En réalité, la question juridique qui se posait en ce qui concerne l’article 1242 alinéa 2 était celle du gardien de la flaque d’essence, lequel était selon toute vraisemblance le gendarme. Pour engager sa responsabilité il fallait démontrer une faute ce qui ne posait guère de difficulté. Michel Ehrenfeld, tout en approuvant la solution de l’arrêt, admet que « Certes, la faute de M. G. exigée par ce texte était apparemment rapportée, la manipulation d’essence et son épandage sur le sol à proximité d’une chaudière en étant l’illustration ». Donc, il n’existait aucune difficulté à engager la responsabilité extra-contractuelle du gendarme si celui-ci est considéré comme gardien de la flaque qui se trouve être le foyer de l’incendie.
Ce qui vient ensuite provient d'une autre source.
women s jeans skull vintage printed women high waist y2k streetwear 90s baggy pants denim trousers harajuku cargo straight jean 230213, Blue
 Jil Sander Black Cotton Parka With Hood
L’argument selon lequel la clause d’exclusion des dommages causés par les véhicules terrestres à moteur contenue dans le contrat multirisque habitation est la raison pour laquelle « le débat s’est orienté sur le responsabilité de M. G., pris cette fois en tant que gardien de la moto, et de la nécessité d’examiner alors si son véhicule était  impliqué dans un accident de la circulation » suppose que le foyer de l’incendie était la moto, il ne tient pas si on considère qu’il s’agit de la flaque d’essence.

Il nous semble, à l’instar du conseiller référendaire Vincent Riuné, que cet arrêt reflète la volonté de la Cour de cassation de limiter autant que faire se peut le champ d’application de l’article 1242 alinéa 2. Outre une jurisprudence inventive mais « sinusoïdale » pour contourner cette disposition ( Jourdain (P.), obs. ss. Civ. 2e, 16 janv. et 13 févr. 1991 : RTD civ. 1991 p. 343 ; Steinlé-Feuerbach (M.-F), « L’article 1384 alinéa 2 du code civil : une disposition conforme au principe d’égalité ? » : JAC n°105/Juin 2010 ), elle a effectué plusieurs tentatives de révision à l’occasion de ses Rapports annuels. Il en été régulièrement ainsi à partir de 1991 jusqu’à ce qu’elle se lasse en 2003, pour ensuite demander son abrogation en 2005. Le législateur n’a guère été sensible aux appels à réformer venant de la Cour de cassation (Steinlé-Feuerbach (M.-F), « Communication d’incendie : le droit spécial s’impose toujours » : JAC n°185/Mars 2019  ; Szames (S.), « L’abrogation de l’article 1384, alinéa 2 du Code civil : une nécessité aujourd’hui impérieuse » : LPA 27 mars 2002, p. 6).

De nouveaux développements de cette jurisprudence pourraient bien engendrer une charge financière très lourde pour le secteur de l’assurance responsabilité civile automobile ainsi que l’envisage Pierrick Maimone à partir de décisions rendues par des juges du fond bordelais ayant retenu l’application de la loi de 1985 pour des feux de forêt survenus en Gironde en 2022 (Maimone (P.), « Loi n° 85-677 du 5 juillet 1985 et catastrophes climatiques : des liaisons dangereuses » : RCA nov. 2024, étude 9, spéc. note 5).

Qu’il nous soit permis, en ce numéro anniversaire du JAC, de signaler que c’est en 1993, année de notre détachement au département Carrières Juridiques de Colmar, qu’est paru notre article « De l’opportunité de la suppression de l’alinéa 2 de l’article 1384 du Code civil » (Feuerbach-Steinlé (M.-F.) : JCP N 1993, I, 38). Nous faisons le vœu que cette disposition, introduite par la loi du 7 novembre 1922 sous la pression du lobby des assureurs en réaction à l’arrêt dit « des résines » (Civ. 16 nov. 1920 : DP, 1920, 1, 169, note Savatier) et qui n’a actuellement plus de sens en raison de la généralisation des garanties en dommages aux biens en assurance de responsabilité, soit abrogée avant la fin de notre éméritat.